But buried in the data is another story, I think. Consider -- according to the report:
- HD Radio is only used 6% - a 3% decline from last year.
- The average age for listeners who have been a contributor for more than 11 years is 63.
- The average age for listeners who have been a contributor for less than 5 years is 50, with 19% being in the 25-34 age group (a demographic that doesn't even appear in the 11+ category).
But what to do about classical music? Everyone knows that only old people listen to classical music. They also represented the long-time (and sometimes big money) supporters of the station. But the real money -- and the younger audiences -- were in news/talk. So changes had to come.

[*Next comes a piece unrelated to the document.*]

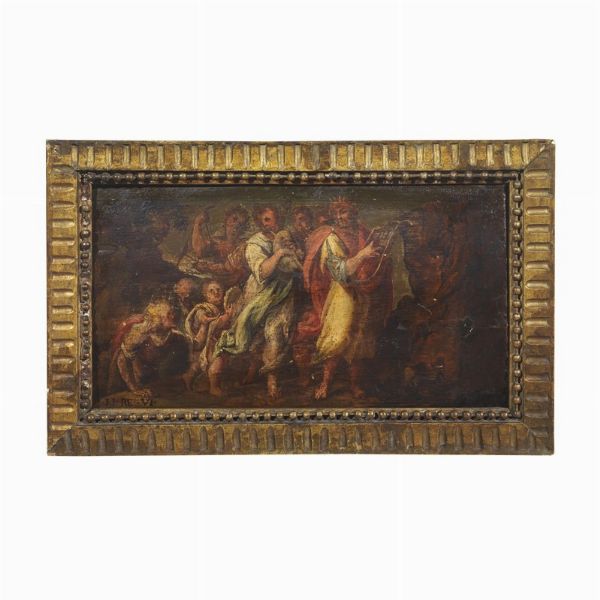 Scuola emiliana, seconda met� sec. XVI  - Asta ASTA A TEMPO I DIPINTI ANTICHI - Associazione Nazionale - Case d'Asta italiane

No public radio station wants to be characterized as a culture-killer. Witness the firestorm when WETA dropped classical to go news/talk a few years ago. So rather than get rid of classical, some stations simply moved it to their HD Radio digital channel. "No, classical isn't gone. We still broadcast it, and you can listen just as before -- if you have a special HD Radio, that is."
HD Radio has enjoyed greater usage in the public radio market than the commercial broadcasting field -- but its penetration is still dismal. And (see fact 1), it's shrinking. So for a station to claim that everybody wins when classical gets shoved onto a frequency that no one can receive seems a little disingenuous. "No, we're not getting rid of it -- we're just putting it in the back of the attic where no one can easily get to it."
Fortunately, there's an upside to all this. Most stations that shift their music programming to HD2 also move it to the Internet. And online listening is an option that's growing among public radio listeners (just like the rest of the public).
The Jacobs Media survey shows the Internet to be the second-most used media for their study group (mobile phones were tops at 96%, Internet second at 91%). And over half regularly listen to content from their smartphone or MP3 player in the car. Sure, it could be podcasts (44% usage for this savvy group), or stored songs, or Pandora (only 18% usage). But there's a good chance that a significant part of it is content from the station -- and not necessarily their broadcast signal.
I have to admit that as much as I hate the programming of over-the-air WQXR (which I think is bland and boring), I love Q2 Music, which is their online-only alternative classical music service. It's innovative, it's fresh, it features living composers and unusual repertoire -- it's great! And it's online.
And I don't think they ever pretended it was available on an HD Radio channel.